Life

5 Unusual Ways Depression Affects Your Health

by JR Thorpe

You may think that you know everything there is to know about depression, but odds are high that you don't — because even if you are fully educated about factors like genetic predisposition and medications, you probably don't know about the illness's surprising side effects, many of which impact our bodies rather than our minds. In fact, as Science Daily put it in March, we shouldn't just regard depression as a mental disorder because it "affects the whole organism." Frustrating as this fact is for sufferers, it's good to know — not only because it can help you take charge of your health, but because it supplies further proof that depression is not "just all in your head."

Unsurprisingly, many illnesses can lead sufferers to develop depression, because experiencing chronic pain and isolation (as well as some specific symptoms) often trigger mood disorders; sleep apnea, for instance, is likely to cause depression. But research has revealed that depression can lead sufferers to develop some separate health problems — though it is unclear whether depression appears to be the cause itself, or where the two disorders coexist with some kind of common feature or cause, like a faulty gene or oxidative stress. The important thing to remember about all of this is that depression is a real illness, not some feeling that you can "get over" — and it deserves real medical attention.

Depression Makes Chemo Treatment Less Effective

It's been revealed in a study published this week that depressed patients respond less to chemotherapy than non-depressed ones.
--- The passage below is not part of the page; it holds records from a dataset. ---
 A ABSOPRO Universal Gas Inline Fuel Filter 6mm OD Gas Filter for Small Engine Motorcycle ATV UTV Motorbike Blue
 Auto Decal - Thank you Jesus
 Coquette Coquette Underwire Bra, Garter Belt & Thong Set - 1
And the reason why has been tracked to a specific protein in the blood, which occurs in seriously depressed cancer patients and seems linked to lower response rates.
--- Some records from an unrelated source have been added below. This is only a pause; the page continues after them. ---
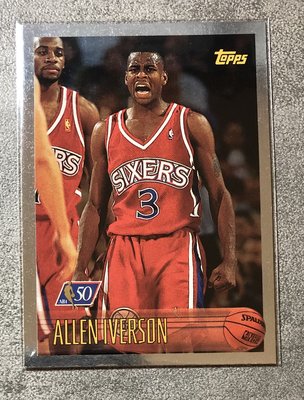 1996-97 Topps NBA At 50 #171 Allen Iverson 新人年 rc 艾佛森 球員卡 球卡
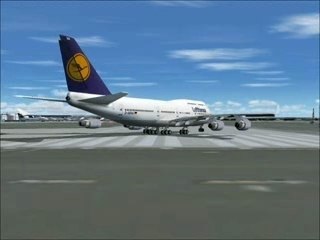 Departing an 747 at frankfort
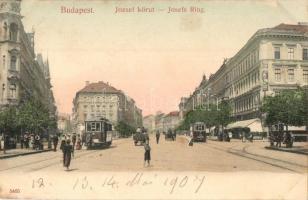Budapest VIII. József körút, villamos. Taussig Arthur 5465. (fl)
The study, which only involved 186 patients and will therefore need a bit more work before it's confirmed as a wider phenomenon, found that newly diagnosed cancer patients with severe depression had lower levels of brain-derived neurotophic factor (BDNF) in their blood, and that made them less responsive to chemo and more prone to developing side effects. BDNF is one of the most important factors in the brain's plasticity and regeneration, and lower levels of it have been linked to depression before (along with Alzheimer's and schizophrenia). But this is the first decided link between "depression and poor outcomes," as the researchers put it, in people receiving chemo.

Arthritis & Stomach Disorders Are More Common Among Depressed People

A November 2016 study conducted in Switzerland found that you might not be imagining it: depressive episodes may indeed be followed by higher incidences of tummy issues. This study was particularly focused on young people, with 6,483 teens surveyed for their health and mood. And the results were fascinating: if you had episodes of depression, they were more likely to be followed by episodes of stomach disorders and arthritis than if your mood was fine. (The study also found that anxiety has the same corresponding relationship with skin disorders, and epilepsy with eating disorders.) It's yet another indication that depression messes us up on more than just a neural level.

Depression Can Make Bladder Cancer More Dangerous

Cancer is, unsurprisingly, often depressing for the patient. But a 2012 study found that depression could in fact make the survival rate of particular cancer patients much worse: a combination of depression and certain biological indicators of aging, according to the study, meant that bladder cancer patients increased the risk of death threefold. The biological indicators themselves are called telomeres, which get shorter as the body ages and can be further shortened by lifestyle factors like smoking, obesity or bad diet.

But even without shortened telomeres in the equation, the researchers found that depression on its own increased the mortality rate of bladder cancer patients: those with depression had a median survival rate of nearly 5 years, while those without lived for a median of 16 and a half.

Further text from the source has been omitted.